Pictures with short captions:
+--

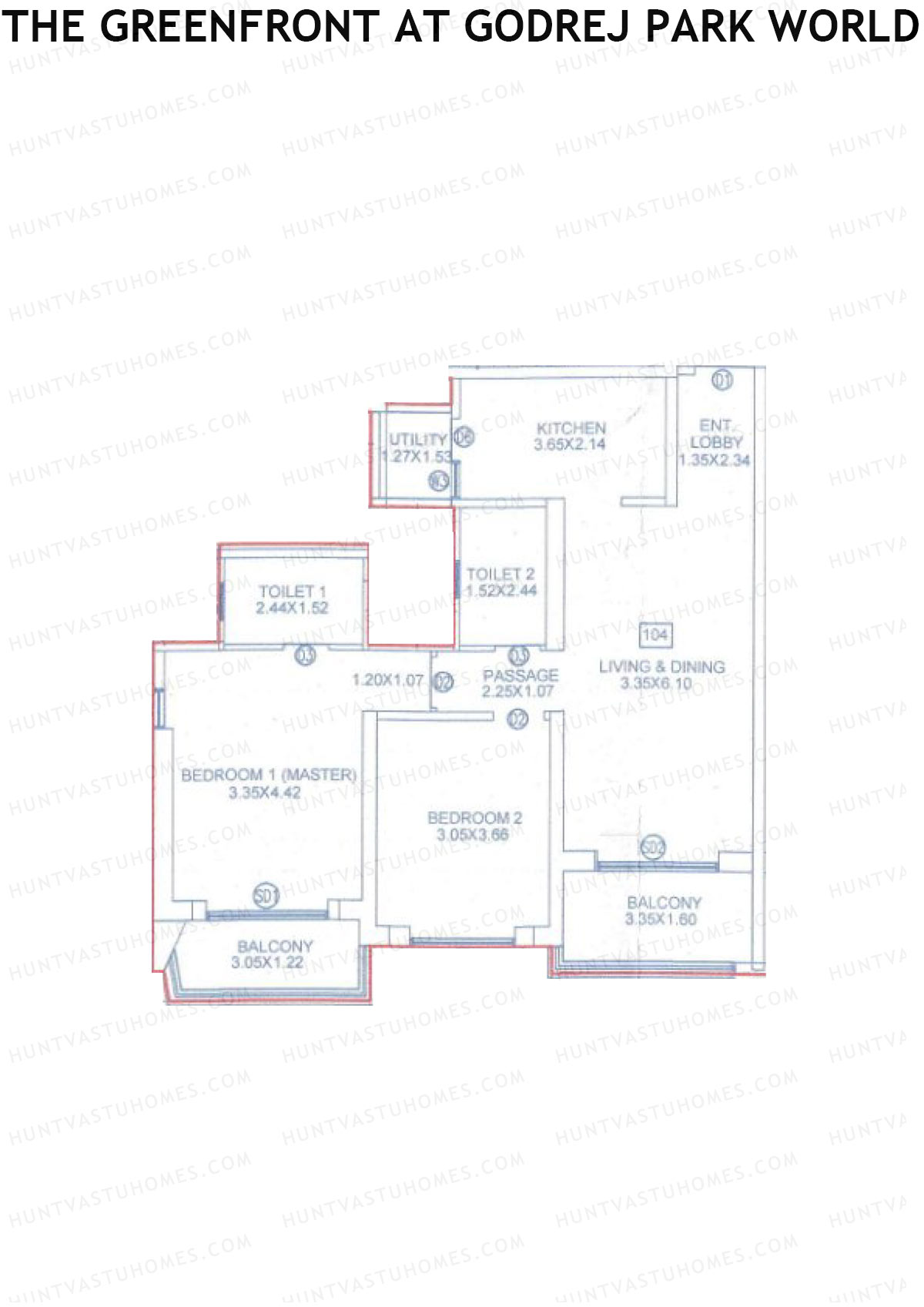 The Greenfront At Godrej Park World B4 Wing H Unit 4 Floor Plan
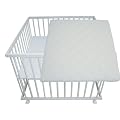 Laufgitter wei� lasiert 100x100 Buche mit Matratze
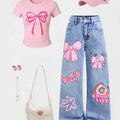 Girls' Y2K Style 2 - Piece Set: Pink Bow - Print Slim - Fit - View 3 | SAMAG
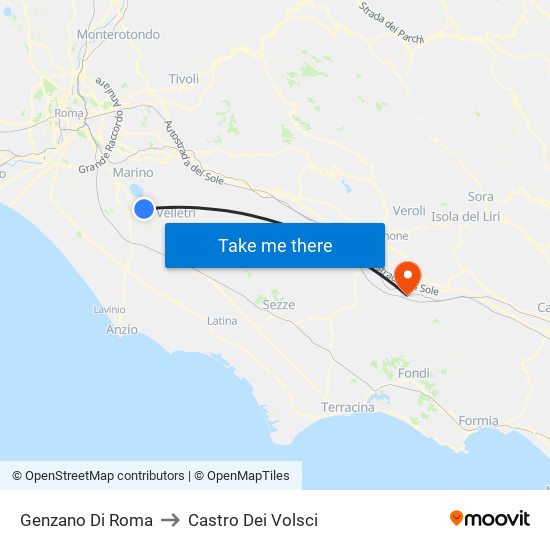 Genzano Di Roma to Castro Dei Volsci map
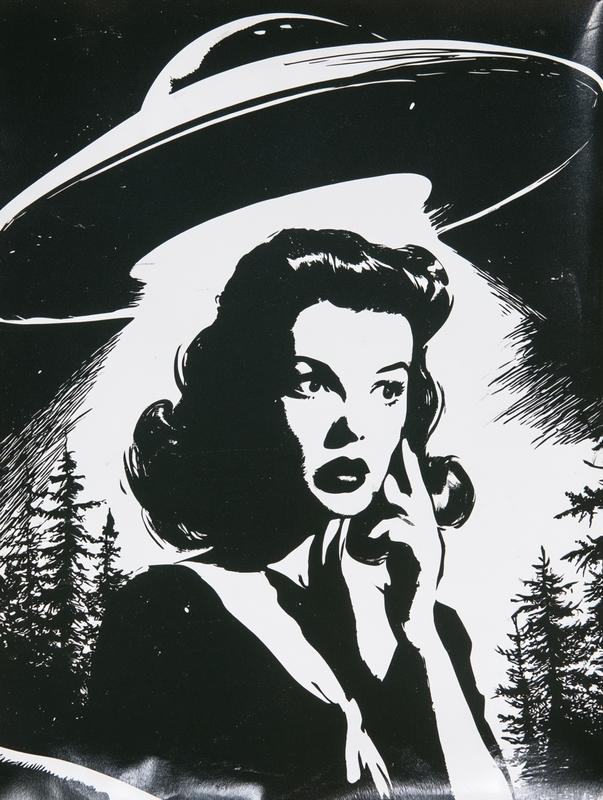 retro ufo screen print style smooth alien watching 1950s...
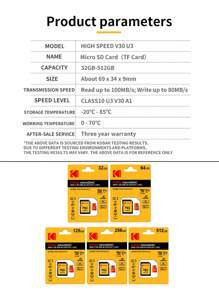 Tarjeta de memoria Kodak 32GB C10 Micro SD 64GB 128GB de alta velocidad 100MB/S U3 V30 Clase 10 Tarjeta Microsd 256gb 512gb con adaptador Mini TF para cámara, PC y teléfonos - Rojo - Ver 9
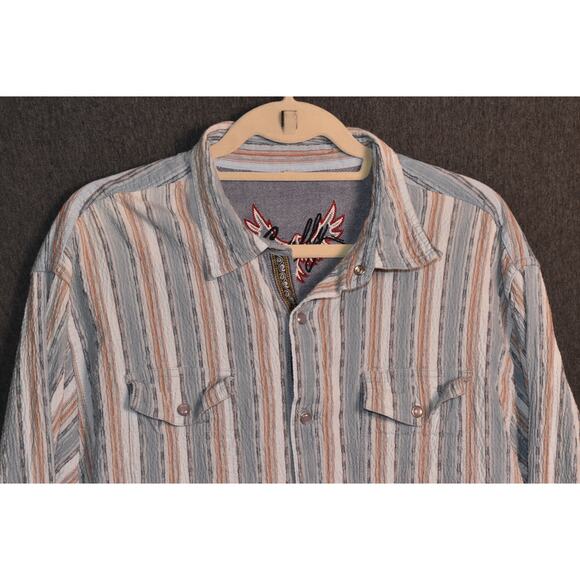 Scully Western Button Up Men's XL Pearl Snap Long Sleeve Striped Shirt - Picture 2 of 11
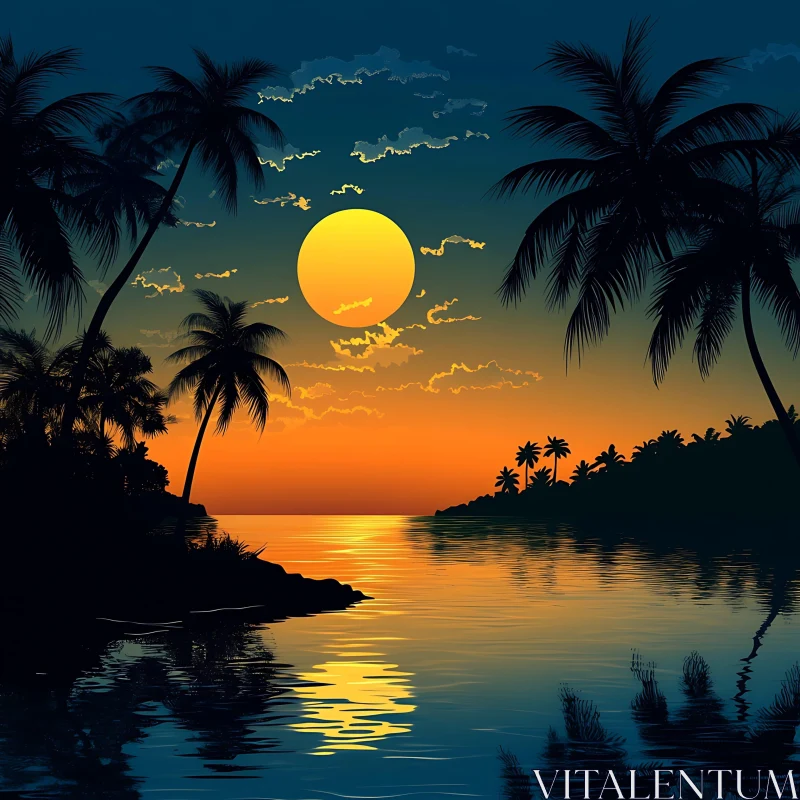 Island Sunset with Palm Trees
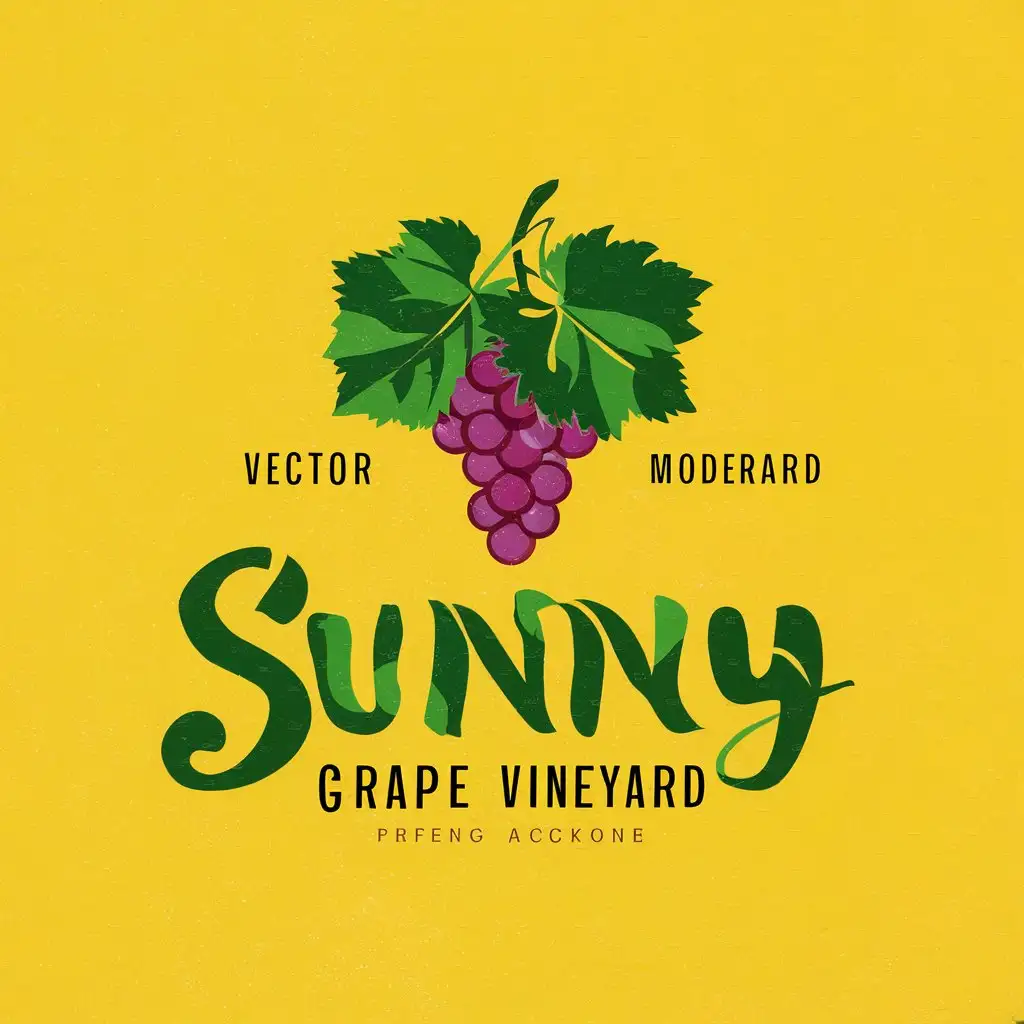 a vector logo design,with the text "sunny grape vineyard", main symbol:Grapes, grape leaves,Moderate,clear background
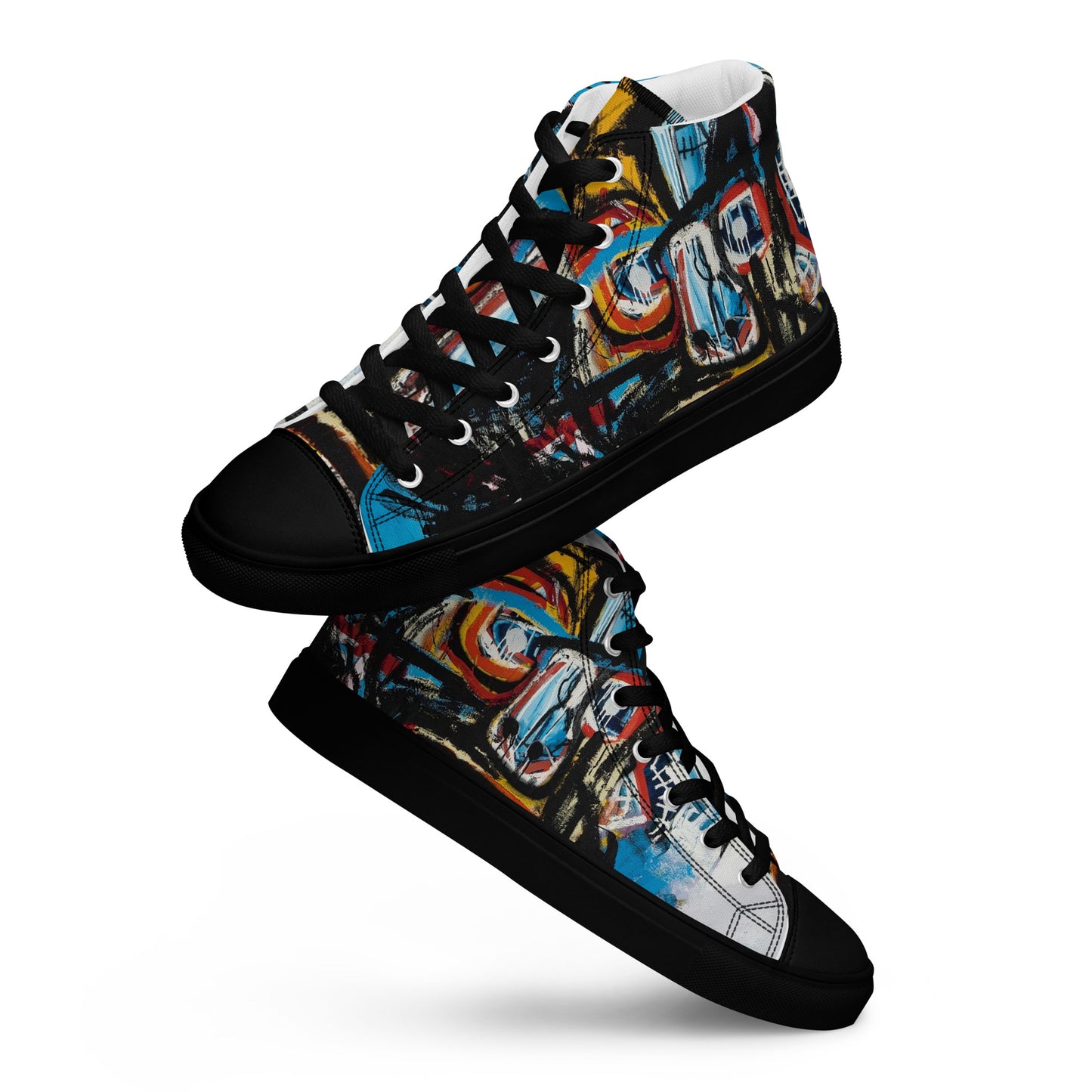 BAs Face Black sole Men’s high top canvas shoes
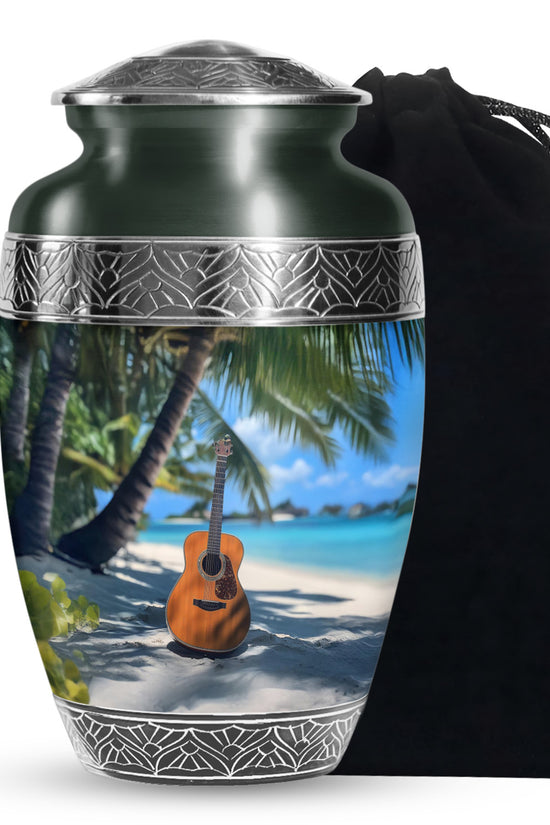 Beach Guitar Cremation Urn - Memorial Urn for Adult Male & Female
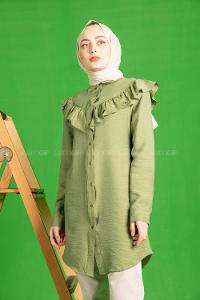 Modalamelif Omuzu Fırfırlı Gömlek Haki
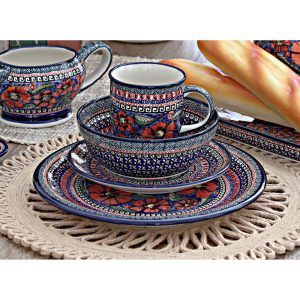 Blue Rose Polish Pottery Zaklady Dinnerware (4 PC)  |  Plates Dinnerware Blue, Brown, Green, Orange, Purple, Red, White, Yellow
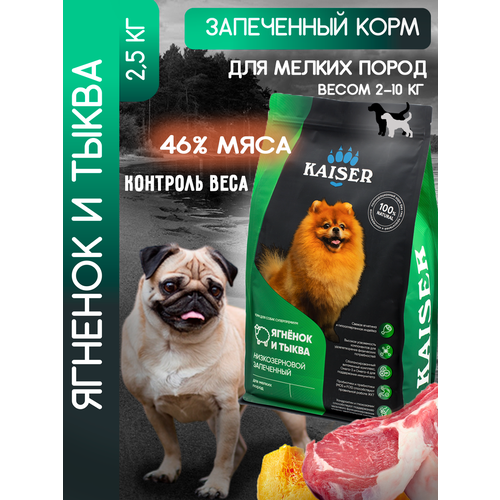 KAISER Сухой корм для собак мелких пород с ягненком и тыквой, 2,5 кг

+--

▶ [DESCRIPTION OF THE TASK]
Starting at the line that contains "Modalamelif Omuzu Fırfırlı Gömlek Haki", write out every line through the end of the entries above exactly, and omit the pictures.

▶ [EXERCISE RESPONSE]
 Modalamelif Omuzu Fırfırlı Gömlek Haki
 Blue Rose Polish Pottery Zaklady Dinnerware (4 PC)  |  Plates Dinnerware Blue, Brown, Green, Orange, Purple, Red, White, Yellow
 KAISER Сухой корм для собак мелких пород с ягненком и тыквой, 2,5 кг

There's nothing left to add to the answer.